臨床看護2003年12月号 ほんのひととき 掲載
“遺跡保存するときに大事なのは,次の世代に伝えることである。しかし,現代に生きる私たちが感動しない限りは,次の世代に残せない。そのためには,公開が必要なのである"(本書より)

 今秋,青森・津軽を旅行する機会に恵まれました。『北のまほろば』を旅することは長年の望みでした。“まほろばとはまろやかな盆地で,まわりが山波にかこまれ,物成りがよく気持ちいい野,として理解したい。むろん,そこに沢山(さわ)に人が住み,穀物がゆたかに稔っていなければならないが"(司馬遼太郎街道をゆく』より)

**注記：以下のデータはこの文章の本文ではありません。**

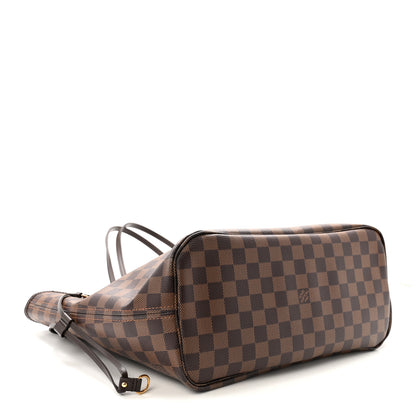 Louis Vuitton Damier Ebene Neo Neverfull MM 5 of 11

 私の北への憧れのきっかけは,学生時代に読んだ『津軽』(太宰治)でした。“津軽への愛が,ときに含羞になり,自虐になりつつも,作品そのものを津軽という生命に仕上げていて,どの切片を切りとっても,津軽の皮膚や細胞でないものはなく,明治以後の散文の名品といっていい"(司馬遼太郎評より)
 そして,津軽平野岩木山白神山地のブナ原生林,八甲田山奥入瀬十和田湖と魅力あるスポットが多くあるなかで,もっとも訪れたかったところが三内丸山遺跡でした。
 今回ご紹介する『遙かなる縄文の声』の著者の岡田康博さんは,青森県文化財調査センターに勤務し,1992年から三内丸山遺跡の発掘調査に携わっています。この遺跡のシンボルでもある高さ15mの六本のクリの木からなる堀立柱建物は,1994年に「4500年前の巨木柱出土」と新聞一面トップ記事にもなりました。
 “毛皮をまとって山野に獲物を追い,その日暮らしをしている,貧しい未開・未発達の縄文人というイメージは,もはや過去のものとなった。狩猟・採集に日々の糧を得てもいるが,同時にクリ林を管理し,また遠くの地域との交流・交易を行ない,定住生活を営み,家族よりも大きな単位の集団で社会を構成していたらしいことが,少しずつ見えてきたのである"(本書より)
 本書の魅力は,考古学的手法である竪穴の痕跡や出土した土器などの遺物分析にとどまらず,建築学,植物学,遺伝学など,関連する諸科学の分野の研究者の協力を得ながら,いわば集学的な手法を駆使して,新たな縄文像を検証しているプロセスを岡田さんがとつとつした語り口で描いていることにあると思います。
 たとえば,クリの木のDNA分析からは野生種の多様なパターンと違って,三内丸山のクリは同一パターンを示したことから,栽培されていた可能性が高いことが発見されました。また人骨に含まれる窒素同位体を分析することで,縄文人がどのような食生活を送っていたのかを推測する研究成果も紹介されています。
 “遺跡というのは発見の連続であると同時に,検証の連続である。わずかな違いからイメージできる感覚,そういうことが大事なことであろう。こうした感覚を作るのは,データであり,経験である。その経験というのはたとえば,掘っていると1ミリ違うと100年,年代が違ってくるのは当り前にある。その1ミリで止められないか,それが経験知なのである。それは言葉では説明できない"(本書より)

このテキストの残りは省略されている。